AlertNet/Lucas Liganga
Ngaiyok Legilisho Kipainoi shows off his motorcycle, bought with earnings from his improved cattle herd. Cattle herders in Tanzania are cutting the size of their herds and breeding for more resilience as climate change leads to more intense droughts.

The loss of more than half their livestock in the 2009 drought has led Maasai pastoralists in northern Tanzania’s Arusha region to breed fewer, stronger cattle and end their traditional focus on numbers alone as symbols of wealth and status.

The impact of that devastating drought, which dealt a blow to the whole nation’s economy, is still visible in the small number of cattle in many villages of Engarenaibor in Arusha’s Longido district.

The district’s cattle breeders and owners lost at least 120,000 cattle, more than half the total herd of 200,000, as a result of the drought, which plunged the region into poverty and threatened the pastoralists’ traditional livelihood.
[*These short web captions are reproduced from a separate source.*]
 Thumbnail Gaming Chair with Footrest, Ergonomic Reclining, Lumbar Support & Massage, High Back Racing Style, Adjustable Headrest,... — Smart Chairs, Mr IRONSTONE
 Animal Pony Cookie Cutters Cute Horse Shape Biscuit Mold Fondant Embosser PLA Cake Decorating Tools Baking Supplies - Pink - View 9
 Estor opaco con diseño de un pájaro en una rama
The good news emerging from this blow to their way of life is that breeders have realized that in a time of climate change their wealth lies not in the size of their herd but in its quality.

“The days of keeping many head of cattle for prestige are gone thanks to the 2009 drought. It has taught us a lesson. A lesson to adapt to climate change,” says cattle owner Ngaiyok Legilisho Kipainoi.
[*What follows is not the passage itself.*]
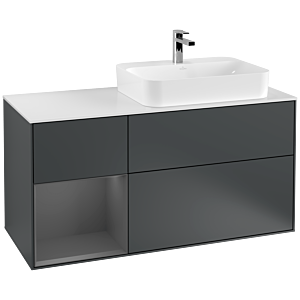 Villeroy et Boch Finion Villeroy et Boch F391GKHG 120cm, plaque de recouvrement blanc mat, étagère gauche anthracite mat, Midnight Blue Matt Lacquer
For many years, Maasai pastoralists had resisted government pressure to reduce the size of their herds, until the drought made clear the need to adapt to the changing environment.

Reducing their herds has allowed herders to use less water and reduce the degradation of grazing land.

As Kipainoi sees it, his fellow villagers are “graduating from the culture of keeping livestock for fame to increasing the productivity of their animals in a well-managed manner.”

 “We have started selling our animals and we use the proceeds to build decent homes or pay school fees for our children,” says Kipainoi, a 35-year-old who has two wives and six children. All his children attend primary school.

At the onset of the drought Kipainoi boasted a herd of 480 cattle, but he emerged from the catastrophe with less than half as many.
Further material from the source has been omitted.